As I note in a comment beneath Barrie England's answer, that answer's reliance on a Google Ngram graph of teenager versus teen-ager is fatally flawed.

One alternative to using Ngram is to compare the decade-by-decade numbers of occurrences for each spelling in the newspapers included in the Elephind newspaper database. This method has its own problems—ranging from frequent false positive matches due to OCR errors, to limited access to newspapers after about 1925, to problems the search engine has in dealing with instances where "teen-" appears at the end of one line and "ager" at the beginning of the next. Still, the overall shift in Elephind's decade-by-decade reported totals for teenager versus teen-ager suggests some degree of change in real-world spelling preferences. Here the totals are for U.S. newspapers in the Elephind database system:

1930s: teen-ager 5, teenager 5

1940s: teen-ager 973, teenager 241

1950s: teen-ager 2,695, teenager 3,792

1960s: teen-ager 4,302, teenager 7,020

1970s: teen-ager 2,605, teenager 8,240

1980s: teen-ager 4,010, teenager 10,027

1990s: teen-ager 1,473, teenager 3,639

2000s: teen-ager 298, teenager 3,269

In the 1940s matches for teen-ager outnumbered matches for teenager by approximately four to one, but in the 1950s teenager became more common by a significant margin. These results hardly prove that teenager passed teen-ager in popularity in the 1950s, but they do indicate a major shift in proportionate use of teenager and teen-ager in the 1950s compared with the 1940s.
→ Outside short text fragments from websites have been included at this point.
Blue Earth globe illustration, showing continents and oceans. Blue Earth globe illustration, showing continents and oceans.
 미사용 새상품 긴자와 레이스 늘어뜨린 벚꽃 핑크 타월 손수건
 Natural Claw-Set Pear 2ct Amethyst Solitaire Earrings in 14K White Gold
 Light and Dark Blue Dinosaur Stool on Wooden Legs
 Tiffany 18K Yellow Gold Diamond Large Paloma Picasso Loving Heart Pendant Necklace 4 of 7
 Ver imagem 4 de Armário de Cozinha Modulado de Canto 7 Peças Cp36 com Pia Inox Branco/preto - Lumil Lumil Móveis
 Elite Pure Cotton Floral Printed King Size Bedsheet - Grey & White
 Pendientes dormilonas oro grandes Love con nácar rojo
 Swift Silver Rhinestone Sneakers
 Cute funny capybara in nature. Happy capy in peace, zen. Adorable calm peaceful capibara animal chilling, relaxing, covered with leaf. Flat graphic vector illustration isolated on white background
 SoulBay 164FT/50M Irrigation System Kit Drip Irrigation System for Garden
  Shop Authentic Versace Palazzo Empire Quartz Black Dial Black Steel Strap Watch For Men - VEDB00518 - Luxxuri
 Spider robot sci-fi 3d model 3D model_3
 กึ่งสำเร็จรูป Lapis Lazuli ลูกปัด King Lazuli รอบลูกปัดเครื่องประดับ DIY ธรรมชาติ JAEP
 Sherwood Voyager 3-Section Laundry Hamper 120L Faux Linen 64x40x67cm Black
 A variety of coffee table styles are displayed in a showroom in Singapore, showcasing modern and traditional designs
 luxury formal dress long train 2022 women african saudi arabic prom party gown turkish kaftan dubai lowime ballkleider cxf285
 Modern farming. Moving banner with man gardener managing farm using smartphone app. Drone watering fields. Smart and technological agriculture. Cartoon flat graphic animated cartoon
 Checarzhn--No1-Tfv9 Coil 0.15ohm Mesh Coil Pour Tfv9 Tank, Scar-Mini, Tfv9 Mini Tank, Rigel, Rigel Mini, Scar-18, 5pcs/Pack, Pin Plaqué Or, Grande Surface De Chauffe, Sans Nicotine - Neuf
When did reference works start favoring 'teenager' over 'teen-ager'?

Merriam Webster first includes an entry for the term teen-ager in the seventh edition (1963) of its Collegiate Dictionary series, but related entries for teens go back to the First edition (1898), which has this:

Teens, n. pl. The years of one's age having the termination -teen, — thirteen to nineteen.

The third edition (1916) of the Collegiate Dictionary is very similar:

teens, n. pl. The year's of ones age of which the numbers (from thirteen to nineteen inclusive) have the termination -teen.

The fifth edition (1936) broadens the definition a bit and adds an example:

teens, n. pl. The years of one's age, or any numbers, having the termination -teen; as, a girl in her teens.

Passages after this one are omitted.